The Humble I

Knowing, Doing, Becoming

Be Modest, Not Timid, Red Pillish or Socially Anxious

WHEN IT COMES to gender interactions, Islam insists on decent and appropriate behaviour and dignified conduct between the sexes. In other words, gender relations must be built upon the virtues of modesty (haya’), dignity (waqar) and respectability (haybah).
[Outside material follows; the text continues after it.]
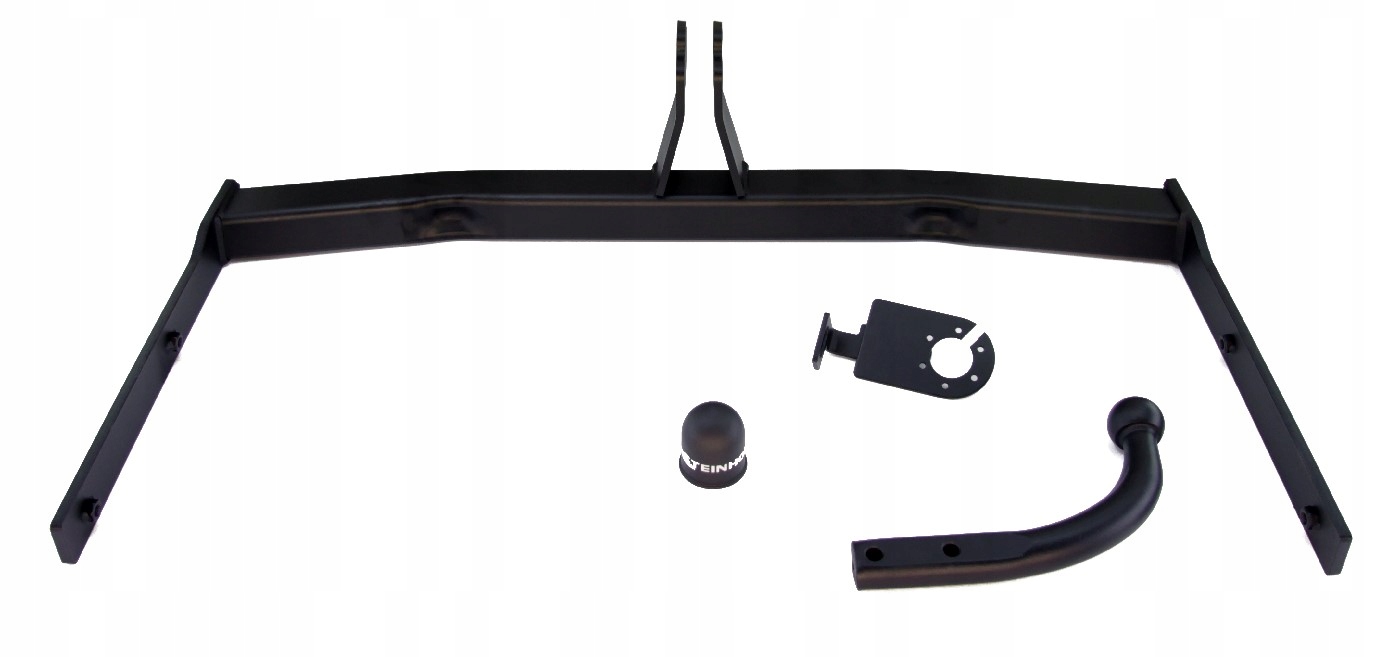 Hak holowniczy do Volkswagen Touran I 1T 1 Minivan 03-15 MODUŁ 13 PIN Nowy Stan opakowania oryginalne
In fact, it’s probably not an exaggeration to say that men simply can’t be men, or rijal, in Islam, without modesty. Rajuliyyah – ‘manliness’ or ‘masculinity’ in Islam is predicated on it (one just needs to look at the life of the Prophet , and also the best ever of non-prophet men, sayyiduna Abu Bakr). In that sense, the only pill Muslim men need to take is the green pill of Islam. Any other pill, red or otherwise, is likely to be a sign of mental confusion, bigging-up the ego, or some other dark and unhealthy pathology. It will also be a perversion of the prophetic norms of how men ought to be rijal. Masculinity in Islam comes from a place of taqwa, dignity and modesty; not ego, anger or insecurity. Likewise, women cannot be said to have the type of femininity Islam celebrates without rooting in themselves the beauty of haya’. 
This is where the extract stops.